Otmar de Oliveira/Divulgação

Sua sobrinha, a dona de casa Vanessa de Paula Faria, de 29 anos, explicou que ele foi operado em agosto de 2017. Em seguida, recebeu alta e foi liberado para ir para casa. No mesmo dia, contudo, apresentou complicações e ficou internado por 6 meses na Unidade de Terapia Intensiva (UTI).

“A barriga dele começou a crescer, ficou igual um morto necrosado, porque as fezes estavam ficando lá dentro e ele pegou uma infecção generalizada, então ele voltou para o hospital e desde então está lá”, disse.

O fotógrafo já foi submetido a pelo menos 47 cirurgias. A última foi há 4 meses, em julho. Agora, os enfermeiros se limitam a fazer curativos na barriga de Adriano, que segue aberta e exposta.

“Estamos desesperados sem saber o que fazer. Eles não fazem mais nada, só curativo e olhe lá. Eles tentaram corrigir só que não dá certo. Tentaram costurar tripa, grampear tripa, mas não conseguiram fechar ele”, disse.

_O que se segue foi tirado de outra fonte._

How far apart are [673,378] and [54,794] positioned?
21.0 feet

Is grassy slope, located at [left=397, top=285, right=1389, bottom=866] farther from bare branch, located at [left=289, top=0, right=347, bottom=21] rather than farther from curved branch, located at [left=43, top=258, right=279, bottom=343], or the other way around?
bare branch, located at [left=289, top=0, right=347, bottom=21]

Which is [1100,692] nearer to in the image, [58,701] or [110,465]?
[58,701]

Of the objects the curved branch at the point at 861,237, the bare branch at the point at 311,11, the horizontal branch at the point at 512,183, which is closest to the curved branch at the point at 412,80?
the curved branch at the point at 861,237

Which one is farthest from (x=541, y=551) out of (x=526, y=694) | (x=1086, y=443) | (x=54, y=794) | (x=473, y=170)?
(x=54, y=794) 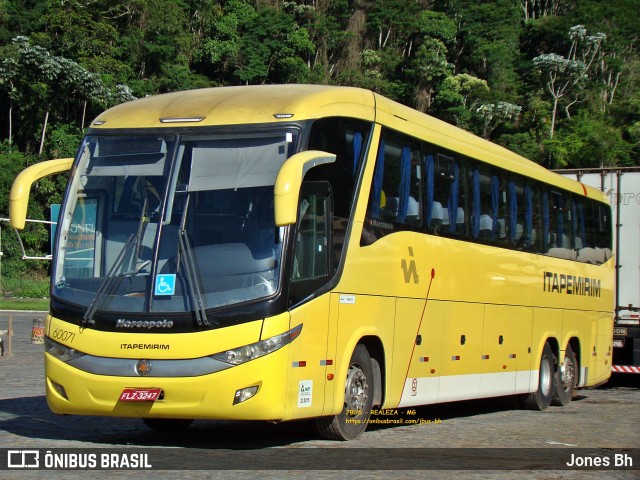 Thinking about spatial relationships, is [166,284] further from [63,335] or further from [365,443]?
[365,443]

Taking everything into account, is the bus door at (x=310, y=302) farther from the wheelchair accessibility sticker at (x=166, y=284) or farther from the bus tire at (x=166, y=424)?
the bus tire at (x=166, y=424)

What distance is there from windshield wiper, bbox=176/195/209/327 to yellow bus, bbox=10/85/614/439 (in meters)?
0.01

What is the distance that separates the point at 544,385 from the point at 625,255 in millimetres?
4720

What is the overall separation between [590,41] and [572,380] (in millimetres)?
90707

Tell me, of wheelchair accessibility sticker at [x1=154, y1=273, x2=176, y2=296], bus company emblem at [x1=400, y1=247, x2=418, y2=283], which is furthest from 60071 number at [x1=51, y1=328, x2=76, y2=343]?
bus company emblem at [x1=400, y1=247, x2=418, y2=283]

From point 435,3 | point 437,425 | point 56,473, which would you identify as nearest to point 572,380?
point 437,425

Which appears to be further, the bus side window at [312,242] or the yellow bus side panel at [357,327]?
the yellow bus side panel at [357,327]

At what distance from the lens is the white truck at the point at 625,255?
70.4 feet

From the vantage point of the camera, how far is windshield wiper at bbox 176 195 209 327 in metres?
10.2

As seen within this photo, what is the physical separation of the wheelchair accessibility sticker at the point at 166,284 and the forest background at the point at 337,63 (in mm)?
52791

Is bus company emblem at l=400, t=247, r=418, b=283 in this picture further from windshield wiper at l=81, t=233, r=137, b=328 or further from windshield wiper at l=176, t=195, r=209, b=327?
windshield wiper at l=81, t=233, r=137, b=328

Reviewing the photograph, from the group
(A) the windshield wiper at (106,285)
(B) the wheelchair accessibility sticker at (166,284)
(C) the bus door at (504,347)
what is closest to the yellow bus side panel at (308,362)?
(B) the wheelchair accessibility sticker at (166,284)

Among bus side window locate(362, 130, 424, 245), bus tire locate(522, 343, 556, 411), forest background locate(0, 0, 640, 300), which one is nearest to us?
bus side window locate(362, 130, 424, 245)

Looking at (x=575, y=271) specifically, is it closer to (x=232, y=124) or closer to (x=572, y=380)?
(x=572, y=380) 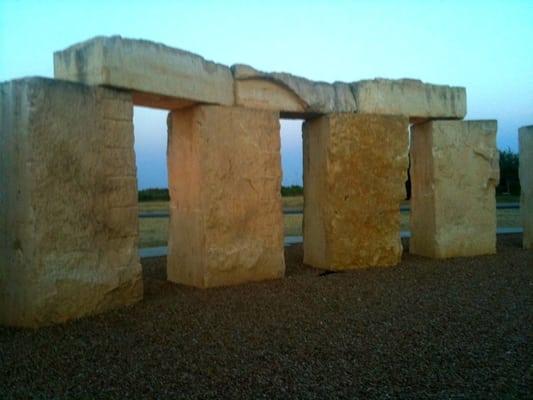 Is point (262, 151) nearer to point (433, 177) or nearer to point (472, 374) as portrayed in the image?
point (433, 177)

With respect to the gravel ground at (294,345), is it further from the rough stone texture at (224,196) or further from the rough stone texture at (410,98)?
the rough stone texture at (410,98)

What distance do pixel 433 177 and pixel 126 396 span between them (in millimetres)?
5516

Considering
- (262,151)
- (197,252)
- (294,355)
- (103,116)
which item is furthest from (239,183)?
(294,355)

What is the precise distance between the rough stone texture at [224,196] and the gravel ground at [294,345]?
32 centimetres

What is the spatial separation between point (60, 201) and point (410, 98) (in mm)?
4714

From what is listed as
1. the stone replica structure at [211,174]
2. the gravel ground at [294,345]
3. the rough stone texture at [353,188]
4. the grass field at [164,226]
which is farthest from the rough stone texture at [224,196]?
the grass field at [164,226]

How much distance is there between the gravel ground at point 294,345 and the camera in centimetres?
295

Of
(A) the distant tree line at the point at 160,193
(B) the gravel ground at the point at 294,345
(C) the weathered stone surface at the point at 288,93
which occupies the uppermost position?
(C) the weathered stone surface at the point at 288,93

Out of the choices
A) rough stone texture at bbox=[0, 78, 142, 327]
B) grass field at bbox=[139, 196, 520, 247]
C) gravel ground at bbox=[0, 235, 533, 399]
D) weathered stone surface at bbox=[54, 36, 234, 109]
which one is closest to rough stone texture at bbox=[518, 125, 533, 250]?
gravel ground at bbox=[0, 235, 533, 399]

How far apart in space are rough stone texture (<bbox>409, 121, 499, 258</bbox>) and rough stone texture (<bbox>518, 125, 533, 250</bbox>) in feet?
3.77

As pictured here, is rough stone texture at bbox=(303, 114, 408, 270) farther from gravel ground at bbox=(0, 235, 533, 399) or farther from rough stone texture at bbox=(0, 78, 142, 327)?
rough stone texture at bbox=(0, 78, 142, 327)

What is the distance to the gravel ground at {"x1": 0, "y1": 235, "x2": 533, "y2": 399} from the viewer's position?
295cm

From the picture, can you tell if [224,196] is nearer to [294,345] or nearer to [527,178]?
[294,345]

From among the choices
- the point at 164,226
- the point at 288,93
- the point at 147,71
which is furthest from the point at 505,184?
the point at 147,71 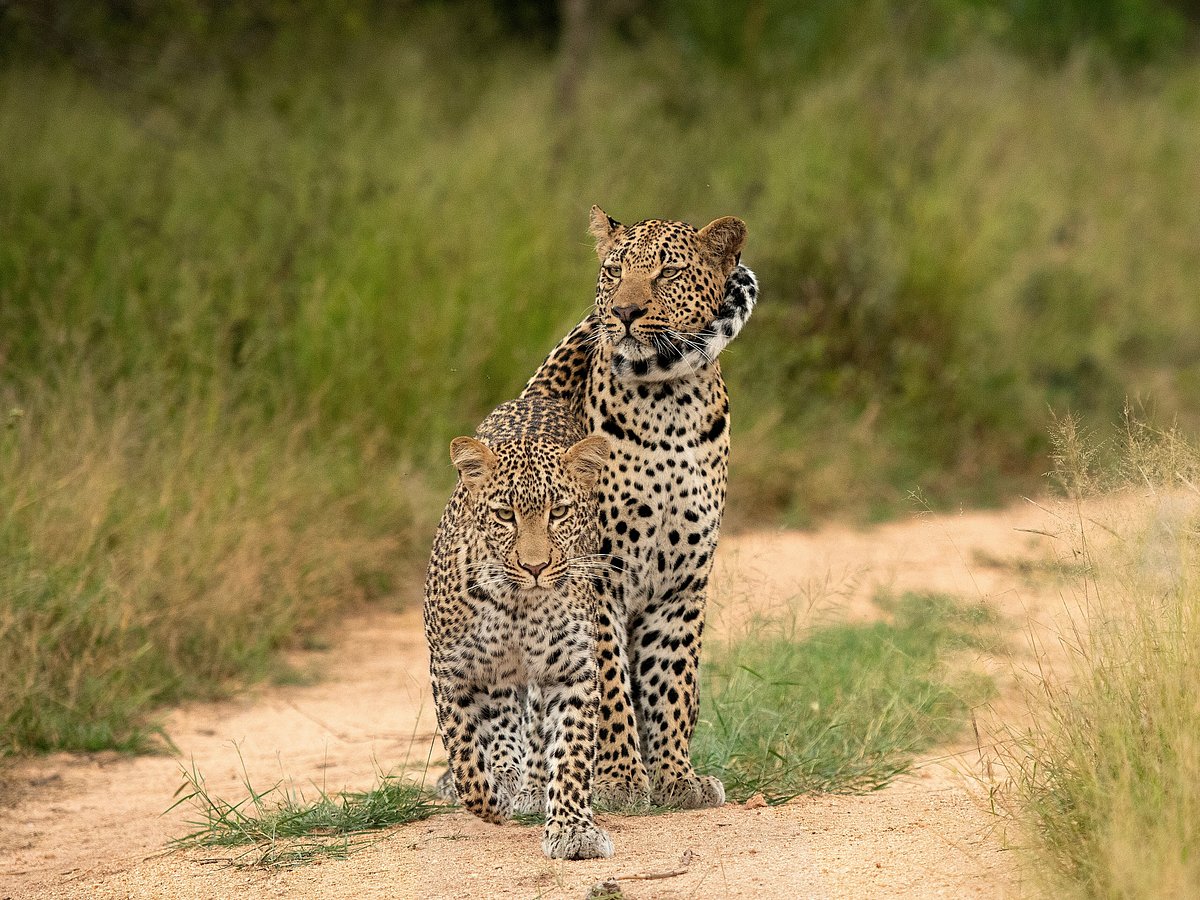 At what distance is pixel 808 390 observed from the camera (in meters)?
11.0

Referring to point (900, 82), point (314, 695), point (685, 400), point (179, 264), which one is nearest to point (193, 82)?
point (179, 264)

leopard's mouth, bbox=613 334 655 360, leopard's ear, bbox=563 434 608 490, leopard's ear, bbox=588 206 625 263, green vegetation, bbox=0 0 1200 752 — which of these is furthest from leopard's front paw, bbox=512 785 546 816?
green vegetation, bbox=0 0 1200 752

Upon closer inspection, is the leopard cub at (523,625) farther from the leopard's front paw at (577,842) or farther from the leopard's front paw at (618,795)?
the leopard's front paw at (618,795)

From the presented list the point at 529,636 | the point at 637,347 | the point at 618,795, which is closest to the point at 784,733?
the point at 618,795

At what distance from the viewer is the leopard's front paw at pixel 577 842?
4.55m

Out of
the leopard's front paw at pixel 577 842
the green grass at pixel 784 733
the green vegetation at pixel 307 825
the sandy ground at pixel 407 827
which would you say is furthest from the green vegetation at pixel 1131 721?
the green vegetation at pixel 307 825

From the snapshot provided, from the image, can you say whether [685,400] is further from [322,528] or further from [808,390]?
[808,390]

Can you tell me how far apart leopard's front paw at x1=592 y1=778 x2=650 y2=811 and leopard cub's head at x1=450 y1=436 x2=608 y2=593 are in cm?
67

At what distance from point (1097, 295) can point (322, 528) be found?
698cm

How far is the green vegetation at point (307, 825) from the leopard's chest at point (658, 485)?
3.03 feet

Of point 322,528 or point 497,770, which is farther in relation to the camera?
point 322,528

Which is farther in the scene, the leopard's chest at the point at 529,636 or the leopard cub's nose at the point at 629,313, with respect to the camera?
the leopard cub's nose at the point at 629,313

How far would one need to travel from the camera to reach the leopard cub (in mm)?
4695

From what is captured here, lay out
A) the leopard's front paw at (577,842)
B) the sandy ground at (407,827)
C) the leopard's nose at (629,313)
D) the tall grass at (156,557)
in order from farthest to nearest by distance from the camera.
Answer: the tall grass at (156,557)
the leopard's nose at (629,313)
the leopard's front paw at (577,842)
the sandy ground at (407,827) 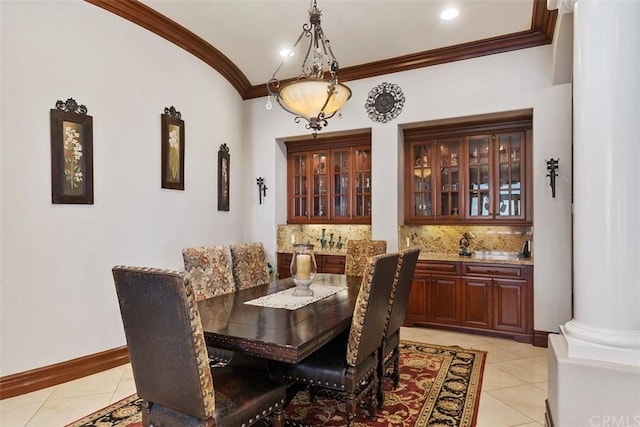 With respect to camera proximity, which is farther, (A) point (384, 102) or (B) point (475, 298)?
(A) point (384, 102)

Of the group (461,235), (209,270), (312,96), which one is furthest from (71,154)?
(461,235)

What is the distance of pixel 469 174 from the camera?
15.4 ft

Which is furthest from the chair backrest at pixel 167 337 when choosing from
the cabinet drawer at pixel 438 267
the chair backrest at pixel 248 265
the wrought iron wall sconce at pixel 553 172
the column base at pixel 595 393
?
the wrought iron wall sconce at pixel 553 172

Uma decisão liminar do juiz Cesar Augusto Bearsi, da 3ª Vara Federal, de setembro deste ano, determinou a transferência imediata de Adriano para o Hospital das Clínicas, em São Paulo. Os familiares, no entanto, seguem sem resposta.

“Da simples análise do laudo pericial se vê que é uma situação inusitada, nunca ocorrida antes, completamente fora do tratamento normal e, portanto, obviamente não há como os próprios que já estão tratando o autor fazer esse tratamento local, ou seja, a única chance da parte autora ter sua restituída e não falecer é se submeter ao tratamento fora do domicílio”, diz trecho da decisão liminar.

De acordo com a superintendente do HUJM, Elisabeth Mendonça, o paciente está recebendo os cuidados necessários até que sua transferência seja efetuada. Ainda, ela afirmou que já foi feito contato com os paulistanos.

“O Estado precisa conseguir tratamento fora do domicílio solicita, porque não temos condições e estamos com dois pedidos à Secretaria de Estado de Saúde [Ses]”, disse.

Por meio de nota, a Ses afirmou que recebeu nesta terça-feira (13) a decisão liminar sobre o caso e que a equipe técnica está avaliando as condições de do paciente para a transferência.

Confira a nota na íntegra: 

“Informamos que a Central de Regulação do SUS estadual recebeu ontem no final da tarde a liminar judicial sobre o caso. A equipe técnica está analisando as condições de do paciente e verificando a forma de transferência, caso seja possível, pois o Programa TFD – Tratamento Fora de Domicílio é apenas para paciente com quadro eletivo, ou seja, aquele que pode aguardar por uma vaga fora do Estado.

A transferência ou não do referido paciente vai depender ainda de parecer médico certificando se há risco ou não desse procedimento para o paciente.”